The apostle Paul knows this fact, but holds fast to his mission, regardless of the pain that it might bring. In the passage from the book of Acts, mentioned above, he offers several pieces of advice on how to handle all sorts of people. When we do what we do as Christians, which is to proclaim the gospel of Jesus Christ and make disciples of all nations, we can’t help but meet all kinds of people. Paul knows that and offers the following guidance:

When we do what we do as Christians, which is to proclaim the gospel of Jesus Christ and make disciples of all nations, we can’t help but meet all kinds of people.

1. Look for the good in all

Even though Paul was a prisoner when he arrived in the city of Malta, people showed him hospitality. The scriptures say that “the local inhabitants showed us extraordinary kindness for they built a fire and welcomed us all because it had started to rain and was cold.” If you had experienced the type of pain that Paul had at the hands of others, you might be forgiven for thinking that the people of this strange town would not have his best interests in mind. I imagine that Paul was more than a little surprised by the people’s care for his needs.

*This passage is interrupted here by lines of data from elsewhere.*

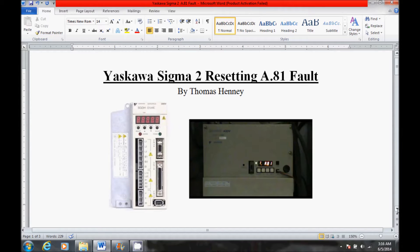My name is Tom. Today I'll be showing you how to reset the A81 fault in a Yaskawa Sigma II servo amplifier.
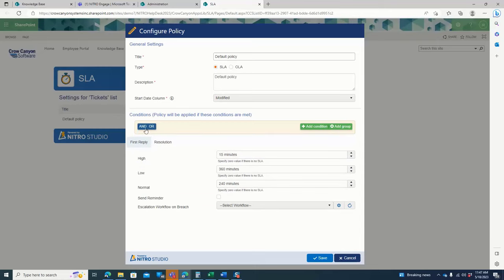That could be based on the department, could be based on location, or could be based on the user who's submitting the ticket. You can see there's a first reply service level agreement as well as a resolution service level agreement.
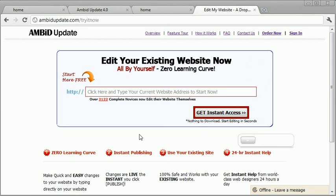Once it knows how to talk to your website, you're good to go. You can make easy, instant, do-it-yourself website changes whenever you need to.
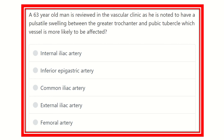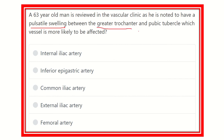Hello everyone, welcome to another question and answer session. A 63-year-old man is reviewed in the vascular clinic as he is noted to have a pulsatile swelling between the greater trochanter and pubic tubercle. The options are: internal iliac artery, inferior epigastric artery, common iliac artery, external iliac artery, and femoral artery.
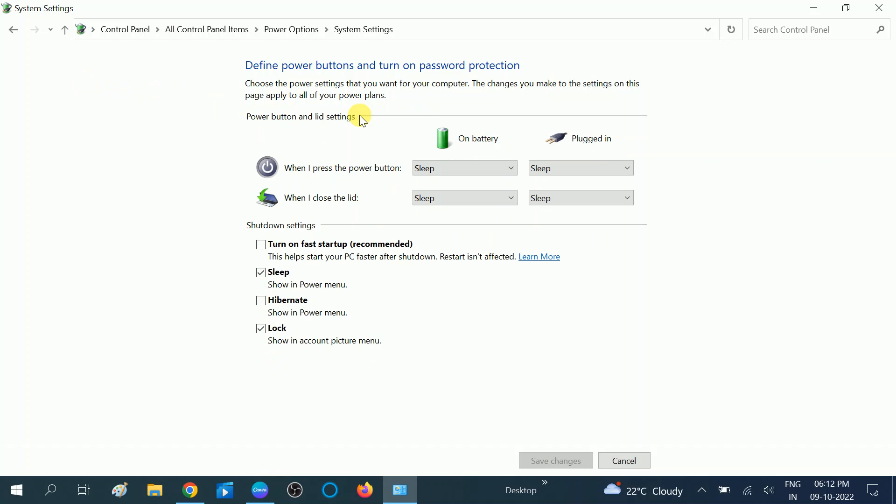Now you can see I have already unticked this option. If in your system it is already ticked, you need to untick this option like this and click on Save Changes.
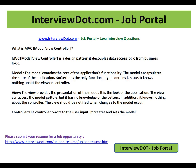Model View Controller is a very big topic — I'm giving you a brief overview. Hope this video is useful for your interview preparation. Thank you, and all the best for your interview.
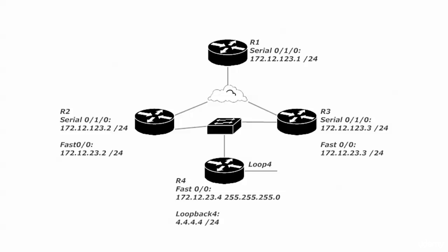You've seen these commands over and over, so I've gone ahead and done that for you this time. It's the usual: the network commands, version 2, no auto, and you're ready to go.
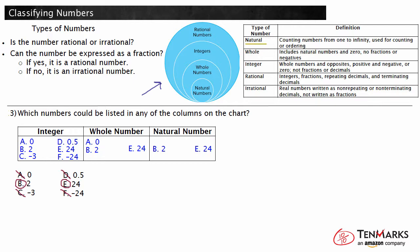It is important to remember when you are classifying a number to first determine if it is rational or irrational. From there, you can use your chart or image to further classify the number.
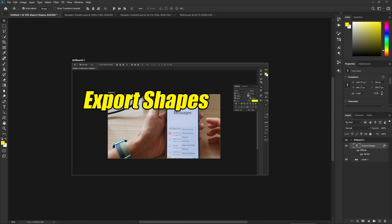Hey guys, in this video we're going to take a look at how you can export custom shapes for Photoshop 2020. In order to export the custom shapes, on the left-hand side toolbar here...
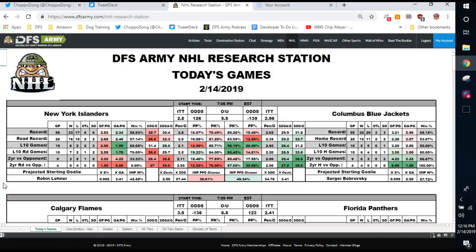What's up, everybody? NHL DFS Diary time. It's your buddy, ChoppaDong. I am coming at you with the quickest slate breakdown you're going to find today. We're going to turbo through this.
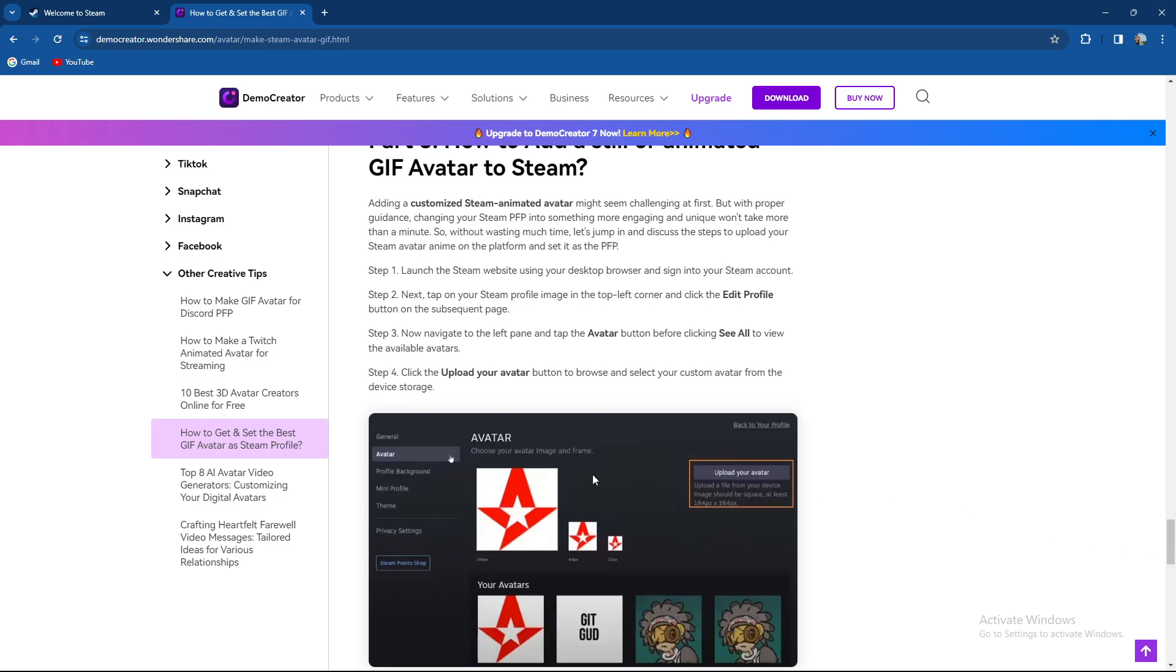Launch the Steam website using your desktop browser and sign into your Steam account. Then go to your Steam profile image on the top left corner and click the edit profile button on the subsequent page.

Accepting the good at hand means that you allow yourself to see the good in people in any situation. Once we’ve mastered this, even the worst kind of people won’t keep us from doing what we’re supposed to be doing.

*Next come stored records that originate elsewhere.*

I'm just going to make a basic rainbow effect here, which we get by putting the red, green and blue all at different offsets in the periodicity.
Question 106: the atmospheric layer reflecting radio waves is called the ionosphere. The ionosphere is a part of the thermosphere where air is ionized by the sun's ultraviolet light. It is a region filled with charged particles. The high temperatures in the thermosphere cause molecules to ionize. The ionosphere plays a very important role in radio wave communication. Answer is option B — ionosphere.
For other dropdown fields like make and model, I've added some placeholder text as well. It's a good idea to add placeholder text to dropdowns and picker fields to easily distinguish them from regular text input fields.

The same people, who had moments ago shown extraordinary hospitality, were now quick to judge Paul.

2. ALWAYS do the right thing

As Paul steps in to help his hosts build a fire, he encounters another hardship. And it’s not just a simple thing at hand - a snake has wrapped itself around his arms. The same people, who had moments ago shown extraordinary hospitality, were now quick to judge Paul. They said, “No doubt that this man is a murderer! Although he has escaped from the sea, Justice herself has not allowed him to live.” But Paul did not let the people around him keep him from the knowledge that God had more planned for him. So he “shook the creature off into the fire and suffered no harm”. People will say and claim to know a lot of things. As a follower of God, do what needs to be done regardless of what others might say. We follow God’s voice when we shake the snake of preconceived notions and judgment off our arms.

3. Leave them be

After Paul survives his encounter with the snake they regarded him as a “god”. We hear absurd things from people all the time. Unlike most of us, however, Paul doesn’t dwell on the words of the people of Malta. He is neither discouraged nor tempted by a sense of his own self-importance. He remains focused on his task of showing the love of God to others. There may come a point in our lives when we must leave certain people be. Only then can we focus on the task at hand that God has given us.

Discussion Question: What have been some of the most difficult interactions you have had with others?